Images are to be left out; everything else in the listing should be repeated exactly.

##### Stored data #####

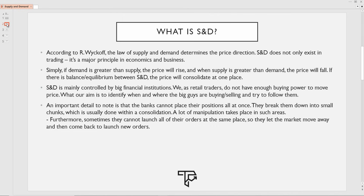They're going to come back again at the same range, because that is where they initially put their orders — they want to buy or sell again from that zone. This is why you're always going to have retests of those supply and demand areas. That is simply the psychology behind it: first they're at equilibrium and stack their orders, then they push the market away, and if they want to continue further buying or selling, they drive the market back toward that same level and launch new orders. This is also how market structure is created.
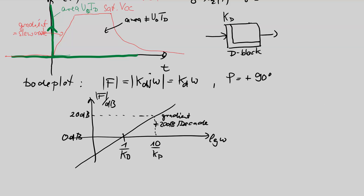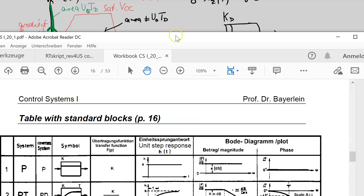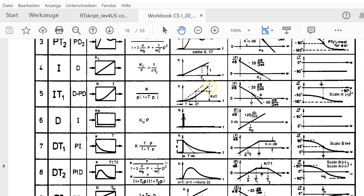Last quick view on page 16 as a D block. We can see in our table row 6: differentiator symbol, transfer function, ideal unit step response, and the magnitude curve in the Bode diagram is plus 20 dB per decade with crossover frequency. We have covered all points. In the next video we will look at the first order pass, which is called PT1.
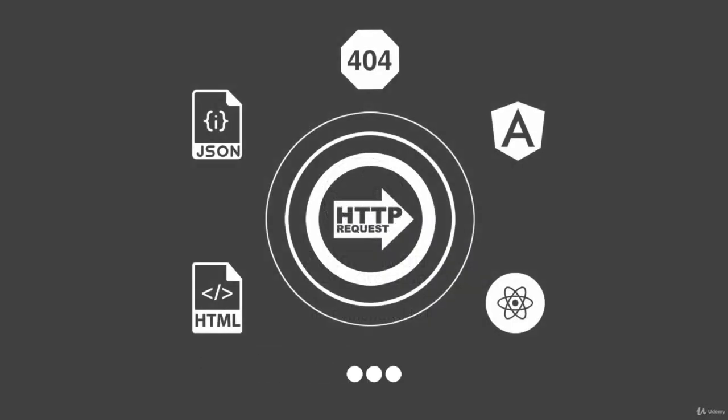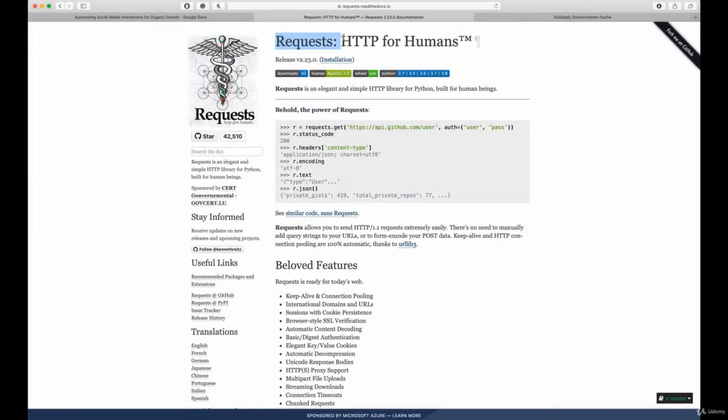In the following section we're going to talk about HTTP requests and those are really important and crucial to our automation tasks because we need to get information from other services, other web pages and APIs.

#####

### [Answer to this exercise]
They're going to come back again at the same range, because that is where they initially put their orders — they want to buy or sell again from that zone. This is why you're always going to have retests of those supply and demand areas. That is simply the psychology behind it: first they're at equilibrium and stack their orders, then they push the market away, and if they want to continue further buying or selling, they drive the market back toward that same level and launch new orders. This is also how market structure is created.
Last quick view on page 16 as a D block. We can see in our table row 6: differentiator symbol, transfer function, ideal unit step response, and the magnitude curve in the Bode diagram is plus 20 dB per decade with crossover frequency. We have covered all points. In the next video we will look at the first order pass, which is called PT1.
In the following section we're going to talk about HTTP requests and those are really important and crucial to our automation tasks because we need to get information from other services, other web pages and APIs.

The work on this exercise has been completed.